Monday, December 11, 2006

A very bad man

Augusto Pinochet is now dead. Who was he? The author of the deaths of 3,000 people in Chile. His was the hallmark of awful American foreign policy in Latin America. It was the kind of presidency you think of when you think of malicious, cruel, and narrowly self-interested Cold War disasters.

He came to power in a coup, overthrowing the democratically elected Salvador Allende, a socialist doctor, who was elected by Chileans after years of military oppression. Allende committed suicide with a submachine gun as troops surrounded his presidential palace.

The coup even started on September 11, 1973. How's that for irony?

We'll forever be linked to this blot on humanity, because we aided and abetted his rise and empowered his hostile takeover. We never once reined in his most violent excesses, and, as the quote below reveals, never apologized for our support for this murderous thug:
MOTRON HALPERIN: I think every word of that was argued over for a very long time.
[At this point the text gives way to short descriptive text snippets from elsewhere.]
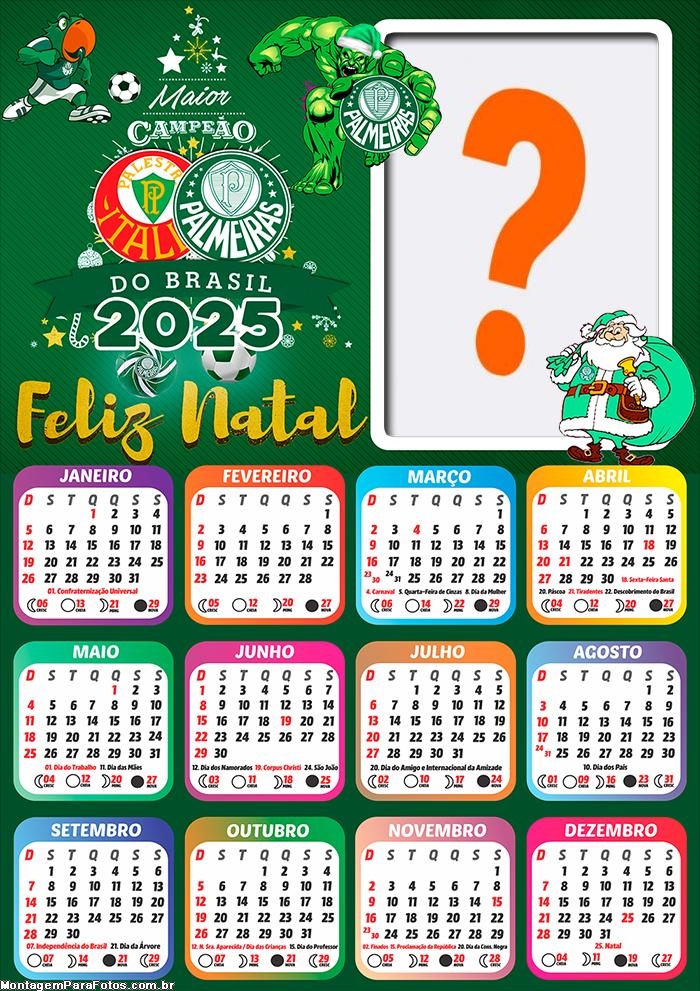 Calendário 2025 Feliz Natal Palmeiras Montagem Online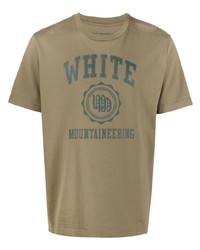 T-shirt girocollo stampata verde oliva di White Mountaineering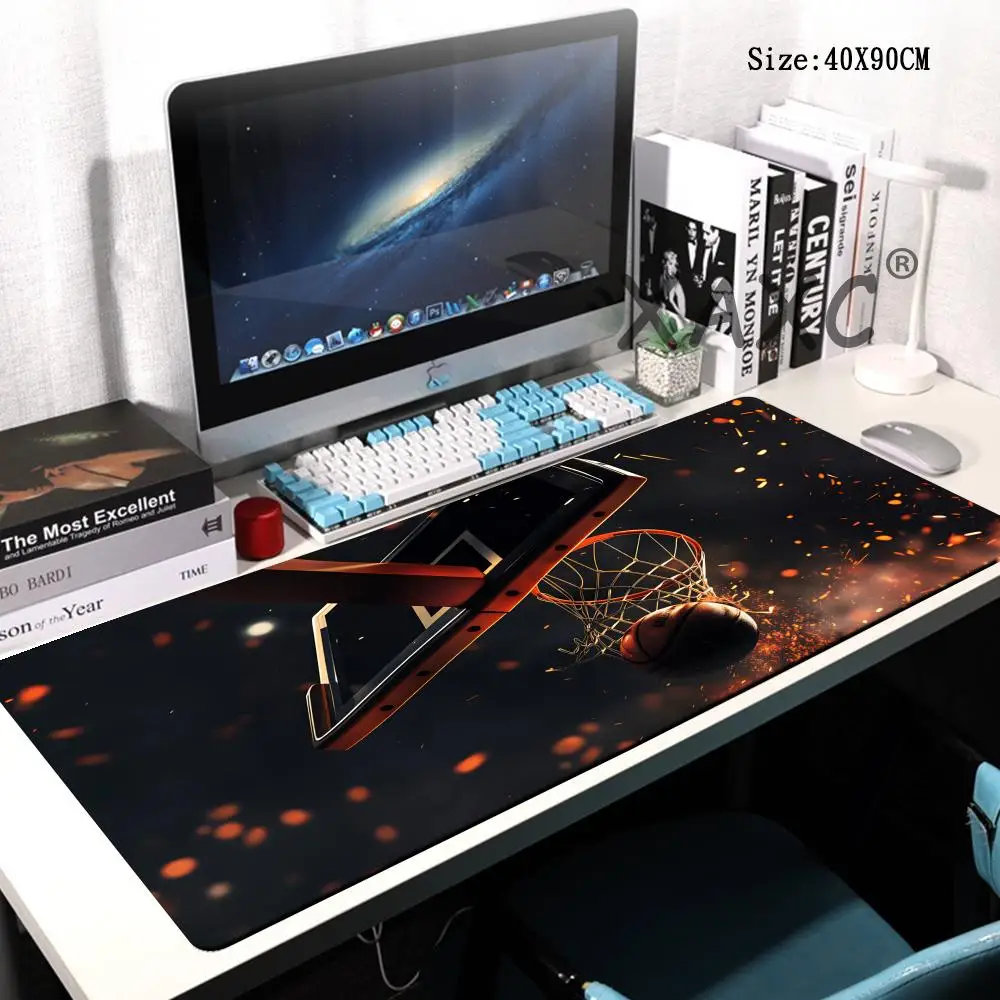 

HYBXAXC Basketball Court Large Mouse Pad Non-Slip Rubber Desk Mat Stitched Edge Gaming Keyboard MousePad Office Accessories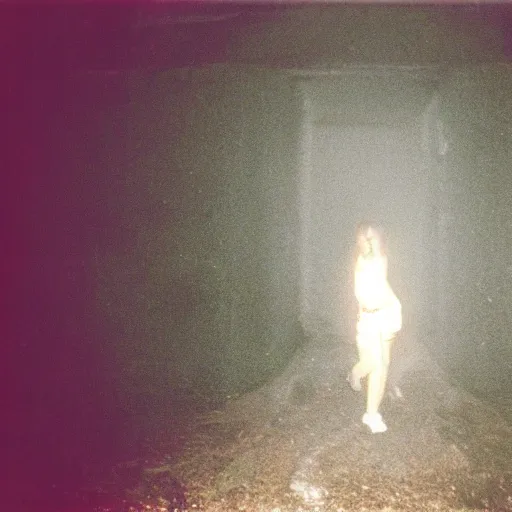 Prompt: Photograph of Samara Morgan crawling through Silent Hill, dark, no lights, moist, taken using a film camera with 35mm expired film, bright camera flash enabled, award winning photograph, creepy, liminal space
There were some of us who thought we owed them a straightforward apology. And there were others who thought it* went as far as it should and there were many others who thought that went much too far. I think it does make clear the US government understands its actions contributed to the disruption of the democratic process.
*Halperin is referring to a decision by Bill Clinton to release thousands of documents that shed light on exactly what and how we enabled Pinochet to do. It's not a pretty sight. It's pretty revealing however that significant parts of our government thought that releasing these documents, years after the Cold War was over was 'too much' information for our democracy to sustain.

When people talk about 'missing the Cold War', this is the kind of stuff they miss. They are fools.